There's already been good advice. Unless your monitor comes with some proprietary software, like my NEC 3090 does (Spectraview II), your best bet is to use something from Xrite or similar brand to calibrate your monitor. There are two types of instruments that will do the job - a colorimeter or spectrophotometer - and which you choose will affect your use options and the price.
The cheaper of the two will usually come with good simple software to profile your monitor or projector or even ambient room light - any device or environment that transmits light. These devices and their associated software can be excellent to set up your monitor. Coloimeters can't accurately calibrate reflected light; only a spectrophotometer can do that and also calibrate transmitted light as well. So, one must buy a system which include a much more expensive spectrophotometer to do both. Xrite sells them in several different packages, each one unlocking different features in the same basic software program, each package level "higher" (in price and designation) allowing you to profile more devices in more specialized ways. For intsance, if you have a "photo" spectrophotometer system, you can profile your monitor and your inkjet printer and paper choices as well, among other capabilities. If you'd care to, you could buy one of the later packages, and have your Fuji printing supplier print out a test pattern, the file for which you provide him, for you to then evaluate and then profile yourself. Then, you could, in turn, present the resullting ICC profile from his test print back to your printer, so that he can use it to dial in your particular print orders. Of course, this assumes that he would have to be amenable to using your profiles just to print your orders.

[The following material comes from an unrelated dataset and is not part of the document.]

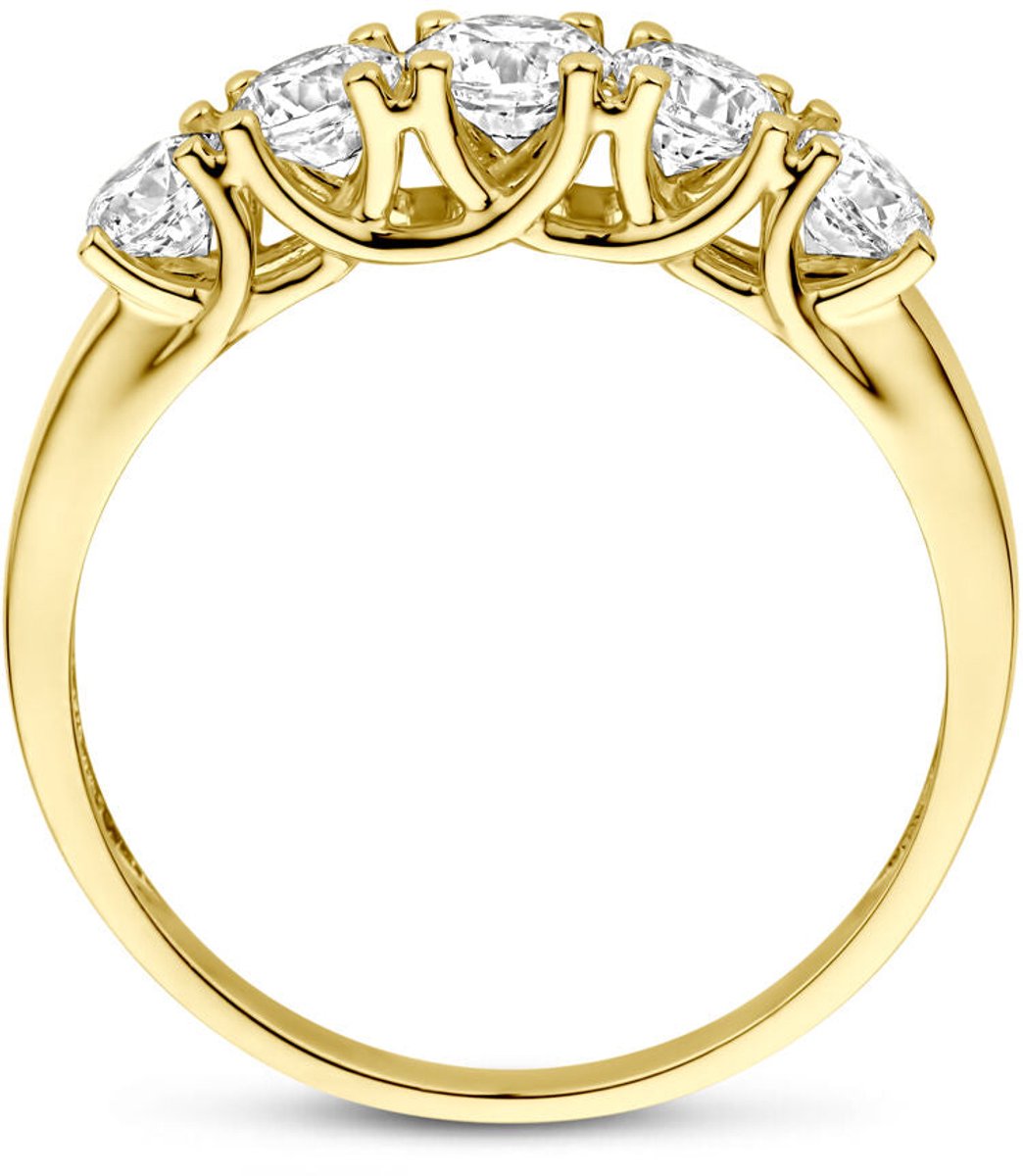 14K Geelgouden Ring met Zirkonia 4035019 – 4,5 mm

Another approach also depends on your printer already having an accurate ICC color-controlled workflow himself and his willingness to share his own profiles with you. If he is able and willing, and you have a good and otherwise calibrated (usually set up for sRGB, sometimes for Adobe RGB) monitor plus Photoshop, you can preview how your file will look printed out on his printer by applying his ICC profile to the View menu using the "Custom" Proof Setup command and then viewing the result with the Proof Colors command. If your image, using your printer's profile, looks wrong, you can edit it in photoshop to look correct using the provided ICC profile and save a new and differently named color-correct-looking version of the original file for sending to your outside printer.
This is a big and very complicated subject and requires quite a bit of learning beyond the little I've explained, but I hope I've shed just a little bit more light on the subject than just telling you what colorimeter to buy.